Però con questi regali no sia dall arbitro che degli avversari


----------



## Divoratore Di Stelle (22 Ottobre 2022)

kYMERA ha scritto:


> Comunque la Fiorentina pure mamma mia ma come fai a prendere gol cosi. Terracciano dio santo perdi 20 minuti prima di rinviare il pallone a 1 minuto dalla fine santissimo



Alla fine ci sta, se fosse terminata 3-3 avremmo tutti lodato la voglia di tentare un ultimo assalto da parte della fiorentina.
Purtroppo avevano un figlio di cagna in difesa che ha vanificato tutto


----------



## kYMERA (22 Ottobre 2022)

Divoratore Di Stelle ha scritto:


> Alla fine ci sta, se fosse terminata 3-3 avremmo tutti lodato la voglia di tentare un ultimo assalto da parte della fiorentina.
> Purtroppo avevano un figlio di cagna in difesa che ha vanificato tutto


Ci sta perchè? La Fiorentina doveva giocare almeno 60 min di partita con un uomo in più. Va bene tutto ma sono stati rapinati, non possiamo dire che ci sta.
Questi sono veramente ingiocabili nel senso che ogni volta che giochi trovano un modo di sfangarla sempre.


----------



## Divoratore Di Stelle (22 Ottobre 2022)

kYMERA ha scritto:


> Ci sta perchè? La Fiorentina doveva giocare almeno 60 min di partita con un uomo in più. Va bene tutto ma sono stati rapinati, non possiamo dire che ci sta.
> Questi sono veramente ingiocabili nel senso che ogni volta che giochi trovano un modo di sfangarla sempre.

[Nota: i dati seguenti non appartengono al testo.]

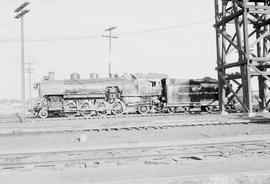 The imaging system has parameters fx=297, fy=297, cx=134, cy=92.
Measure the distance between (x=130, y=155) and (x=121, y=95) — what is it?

Il mio messaggio era riferito all'ultimo rinvio di terracciano


----------



## Blu71 (22 Ottobre 2022)

kYMERA ha scritto:


> Ci sta perchè? La Fiorentina doveva giocare almeno 60 min di partita con un uomo in più. Va bene tutto ma sono stati rapinati, non possiamo dire che ci sta.
> Questi sono veramente *ingiocabili* nel senso che ogni volta che giochi trovano un modo di sfangarla sempre.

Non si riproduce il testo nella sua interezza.